Only the lines from the one containing "Officer Collar Tabs" through the end of the entries are to be copied, exactly and without pictures, please.

---------- Data ----------

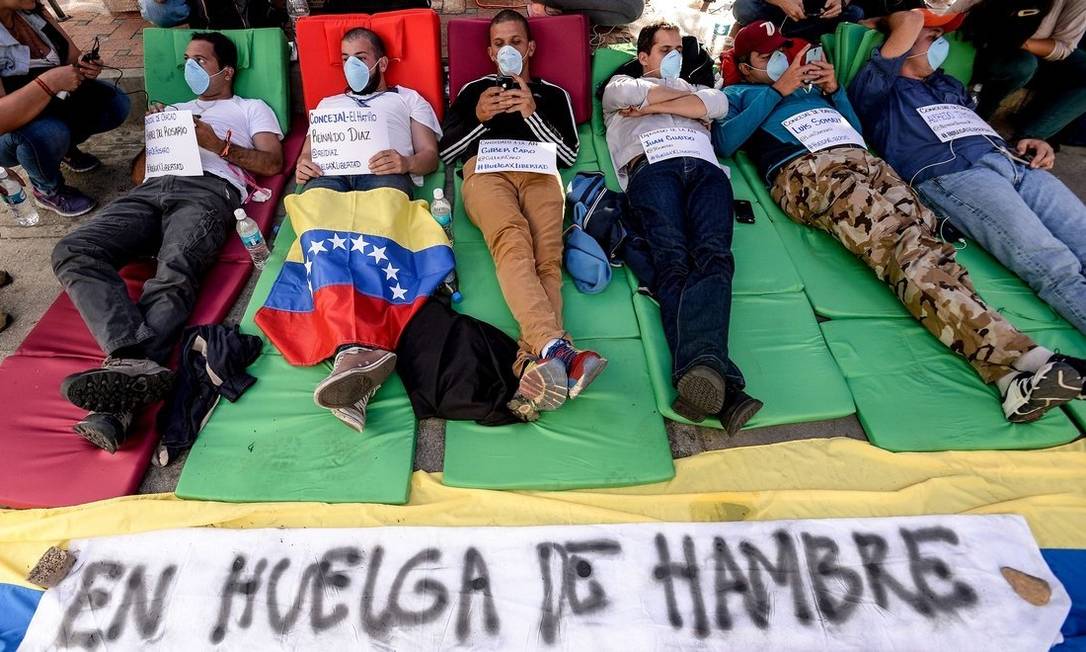 
Membros do partido Vontade Popular em greve de fome em Caracas: já são mais de cem no país
Foto: FEDERICO PARRA / AFP/11-6-2015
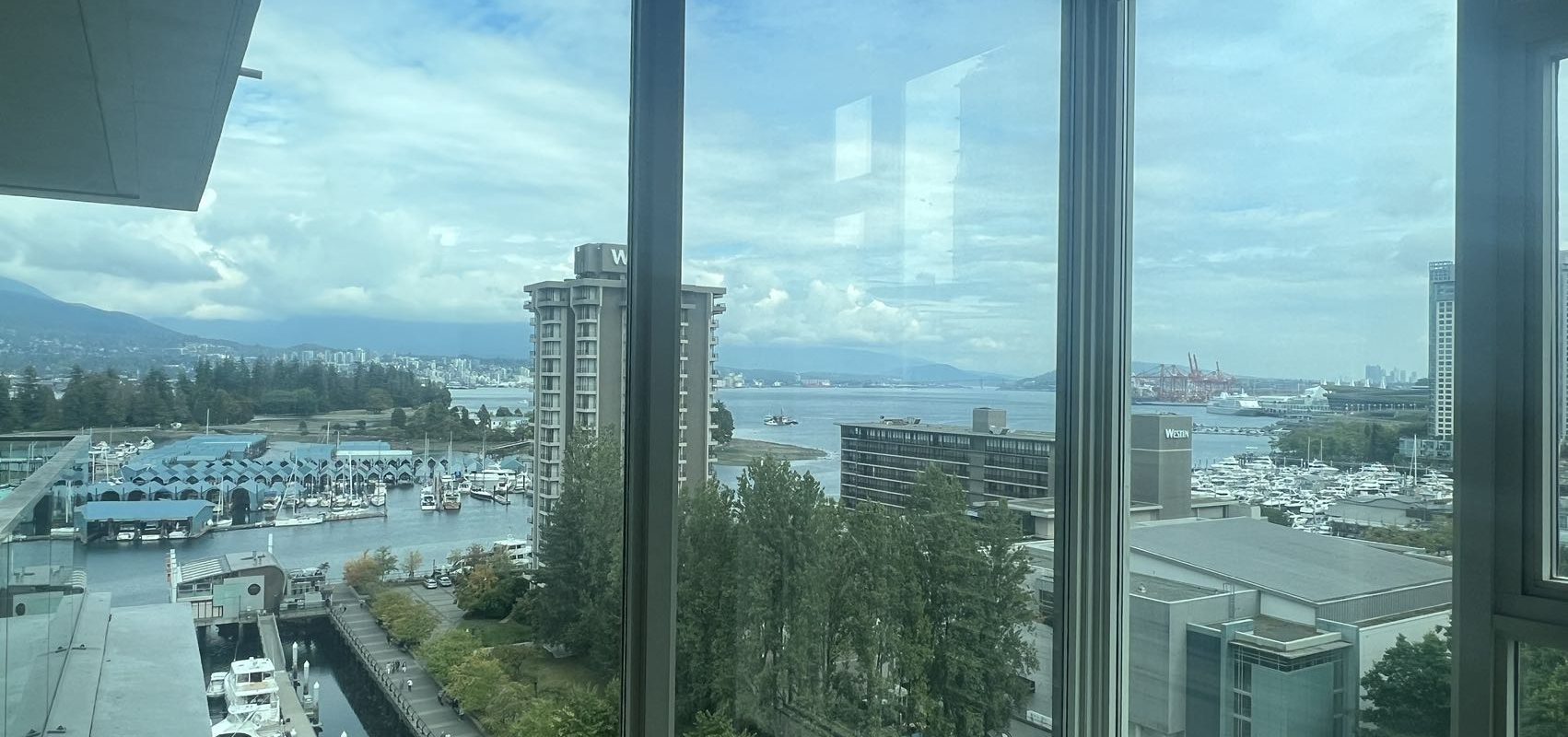 Coal Harbour Waterfront Extra Large 3 Bedroom Condo 2 Parking For Rent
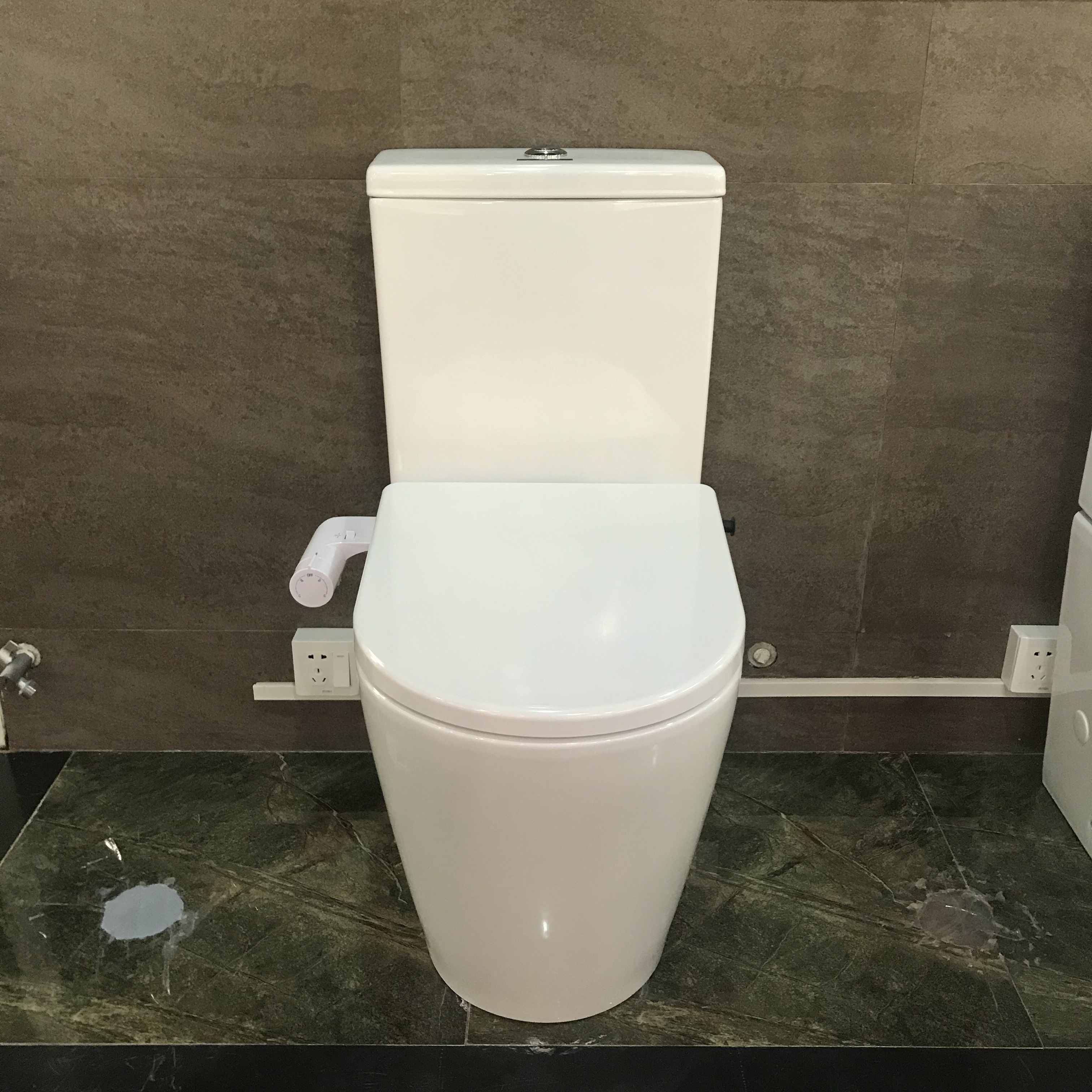 European Standard Comfort Height  Ceramic Bathroom Closed Coupled WC Toilets Luxury Soft Closing Seat Cover WC Toilet Bowl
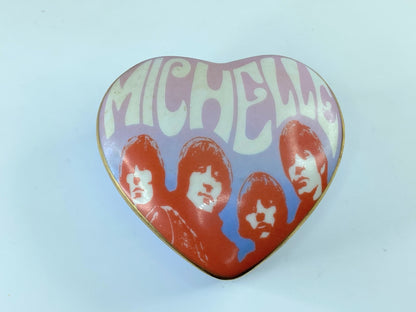 Franklin Mint Beatles plays Michelle Song Heart Shaped Porcelain Music Box A204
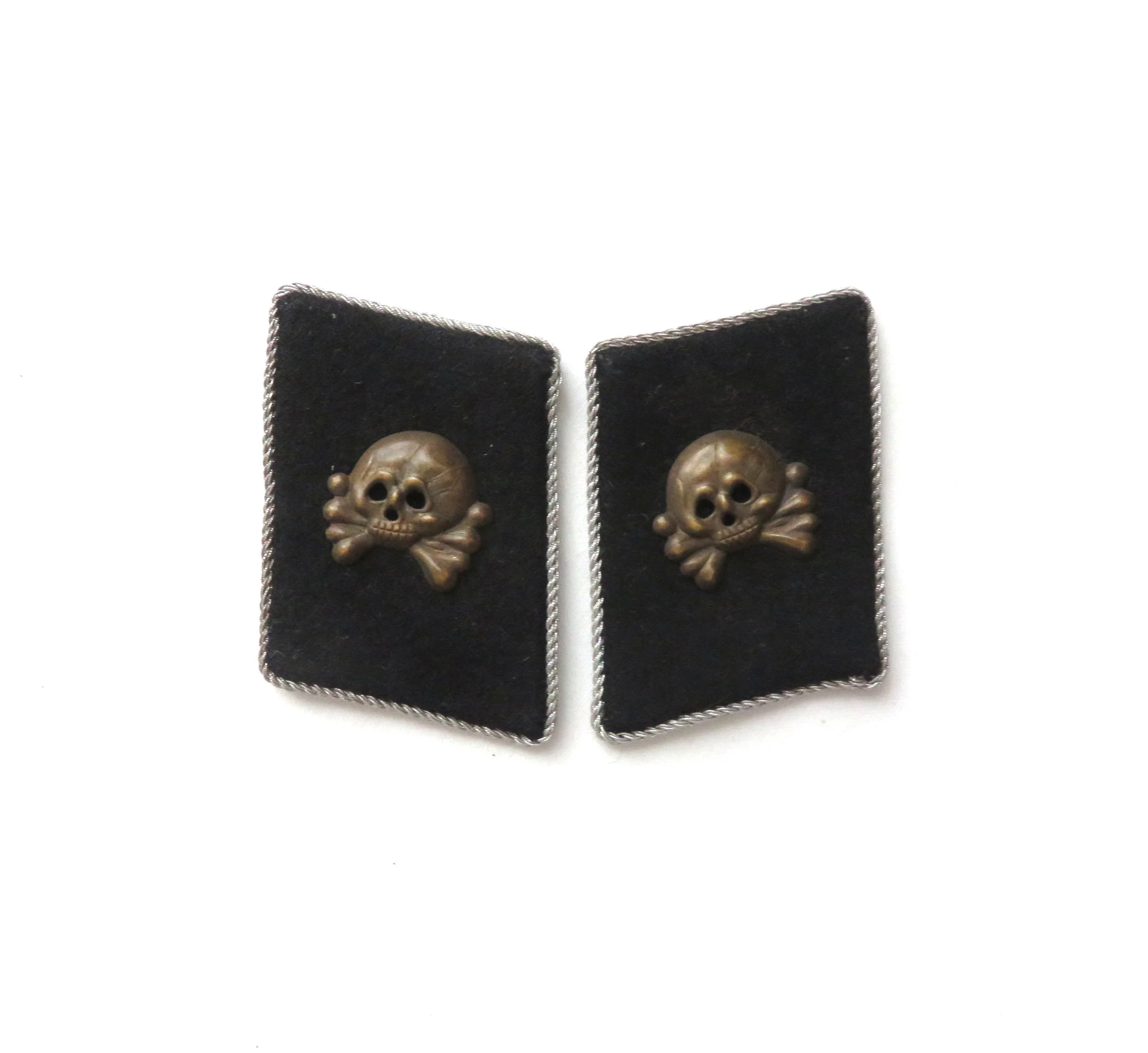 Germany.  Heer (Army) Panzer Pioneer Officer Collar Tabs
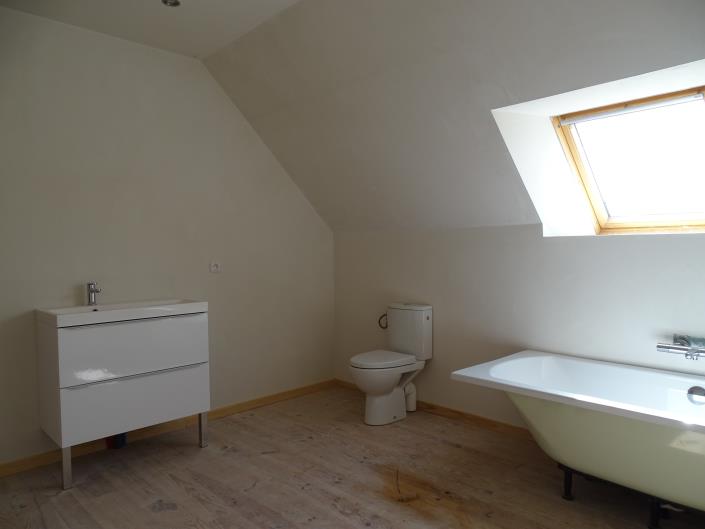 Image No.15-Maison de 3 chambres à vendre à Bourbriac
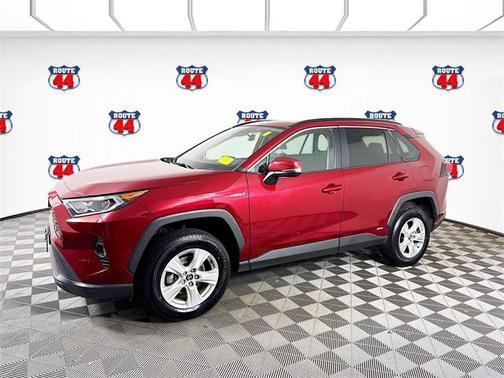 2021 Toyota RAV4 Hybrid XLE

----------

• [Task answer]:
 Germany.  Heer (Army) Panzer Pioneer Officer Collar Tabs
 Image No.15-Maison de 3 chambres à vendre à Bourbriac
 2021 Toyota RAV4 Hybrid XLE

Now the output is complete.